Instrumentation

Overview

We are housed in facilities that were comprehensively refurbished to our own design specifications. Our goal is that this facility be a UK centre of excellence for mechanistic investigation in organic chemistry and catalysis, attracting academic and industrial collaboration and investment from across Europe and the USA. 

 

 

 

Lab design

Eight smaller laboratories, some essentially unchanged since the Joseph Black building was first occupied in 1920, were converted (late 2014) into a single new facility, ergonomically planned for efficient and safe operation, with numerous features that reduce its environmental impact. The new suite comprises office space, a series of ventilated modules for solvent and chemical storage, rotorary-evaporation and glassware cleaning, plus standard fume-hood space, a solvent purification rig and glove-box, and two instrument rooms.

 

 

Instrumentation

We increasingly strive to directly interface high performance spectrometers with synthetic chemistry activity by initiating reactions inside instruments, and by our analysis of relatively rapid processes by stop-flow techniques.
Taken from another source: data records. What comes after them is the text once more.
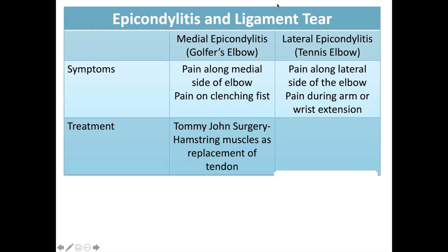Pay attention to the symptoms because most likely they will make it into a case. In golfer's elbow, there is pain along the medial side of the elbow and pain when you clench your fist. In tennis elbow, the pain is on the lateral side of the elbow and there is pain during arm or wrist extension. Pain on the medial side with fist clenching favors medial epicondylitis; pain on the lateral side during extension favors lateral epicondylitis.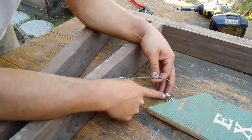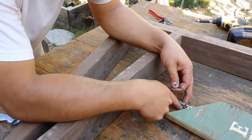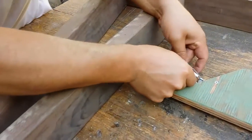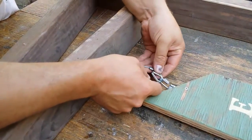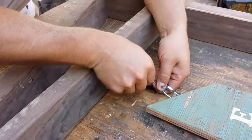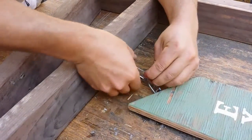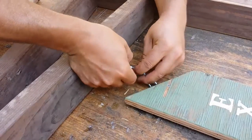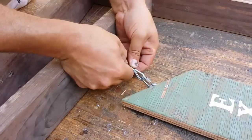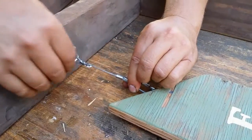I only had a couple of thimbles, so I'm going to put those down at this end so that the quick links — yeah, quick links — will work. For those of you who aren't familiar, you got these little sleeves and you just basically — be careful not to poke your fingers — slide it through there and just tighten it right around that thimble. There we go.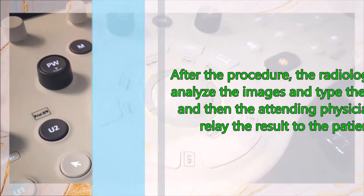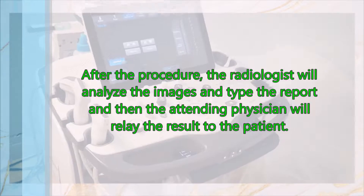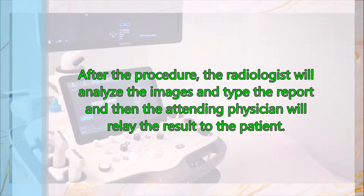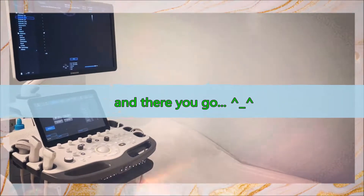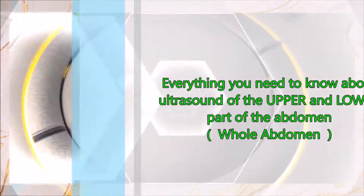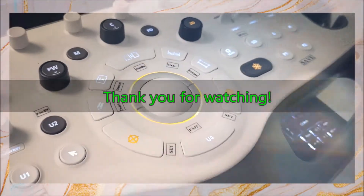After the procedure, the radiologist will analyze the images and type the report, and then your attending physician will relate to you the results. And there you go — everything you need to know about ultrasound of the upper and lower part of the abdomen. Thank you for watching. Have a nice day.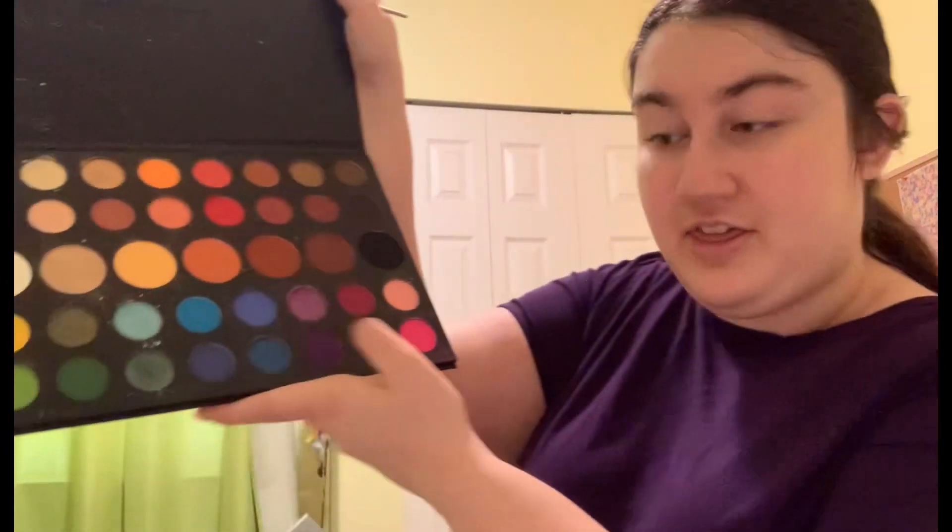So first we're going to start off with eyes. Let's move this stuff out of the way. I am going to be using the Morphe James Charles palette. You cannot get this anymore, but you can get so many dupes for it. There's like a million palettes that look just like it. I know that you can get the same shades. I'm going to start off with this shade right there in the crease.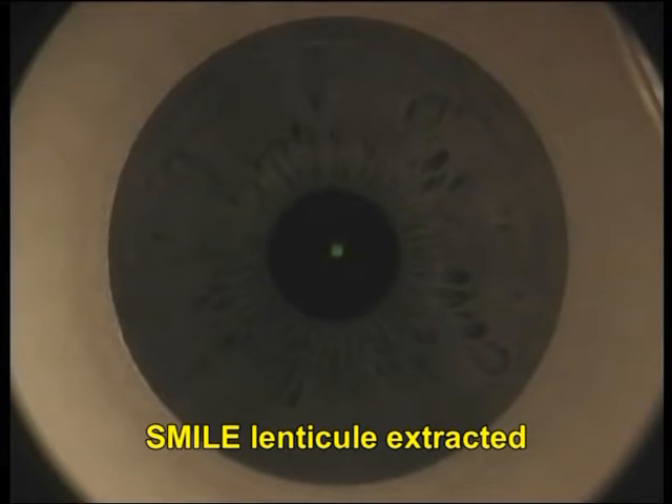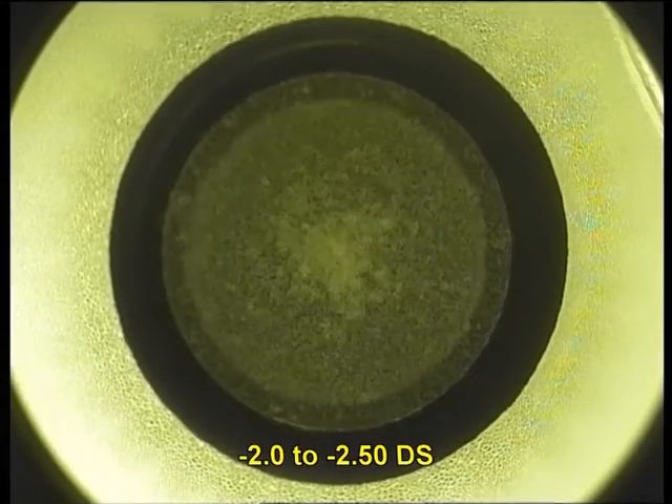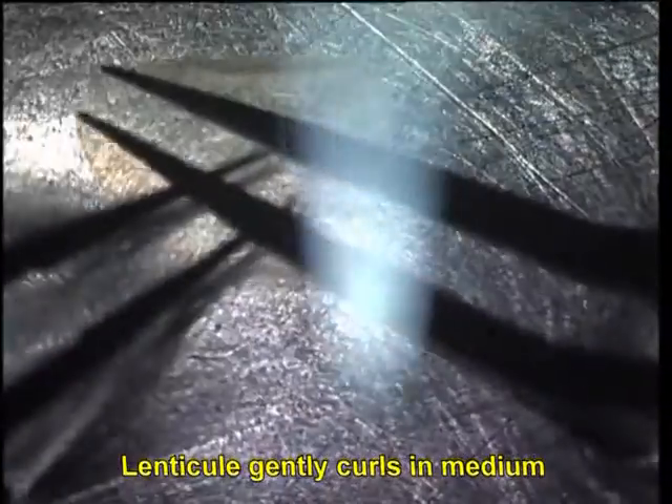You can see here that SMILE treatment is being done for minus 2 to minus 2.5 diopters. The inlay is extracted and marked so the anterior site can be identified later on. It is stored in Optisol.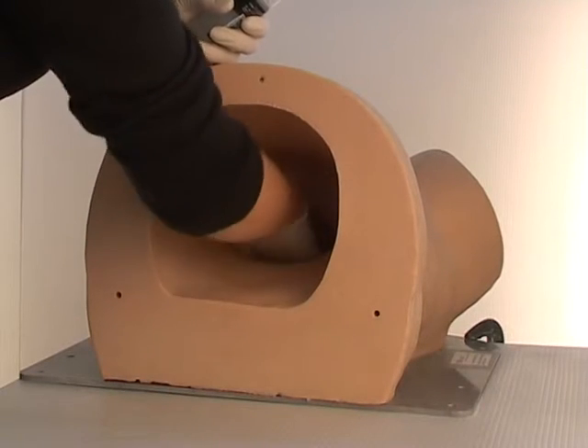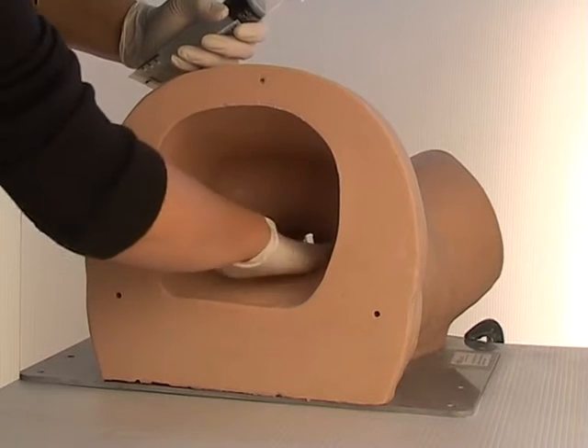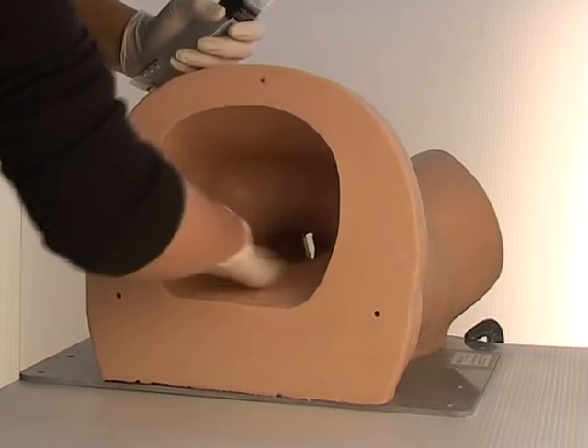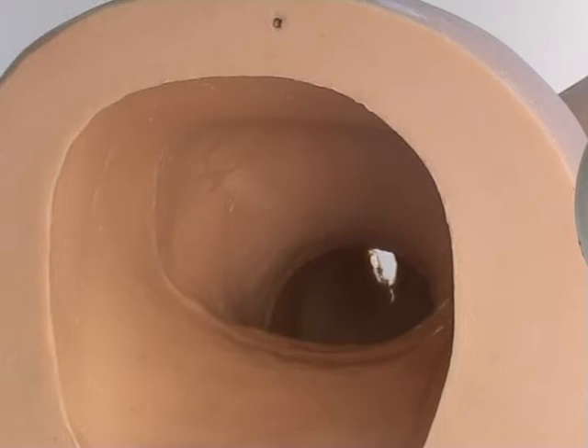Before using Sophie's Mum, make sure she is thoroughly lubricated with a water-based surgical lubricant throughout the entire birth canal. KY Jelly works very well. Please note that ultrasound gel does not work at all and should not be used. One or two squirts of water can help make the inside even more slippery.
  • UV (ocean optics and TgK SF-20)
  • IR (Alpha, Vertex 80, 3.5 mm ATR probe, Specac VT-ATR plate, TgK SF).
  • NMR (Ascend 400), broadband direct-detect cryo-probe, Sample-Express, flow cell, simultaneous {1H, 2H}X-nuclei, non-cryo broadband VT probe.
  • GC, HPLC, GC-MS
  • Reaction calorimetery (Omnical)
  • Rapid Quench Flow and Stopped Flow methods for UV, IR and NMR.

 

 

This new facility, both in terms of its evolving instrumentation and the expertise of the team that populate it, is unique in the UK in its broad-spectrum ability to analyse the mechanism of organic reactions that are of importance as synthetic processes.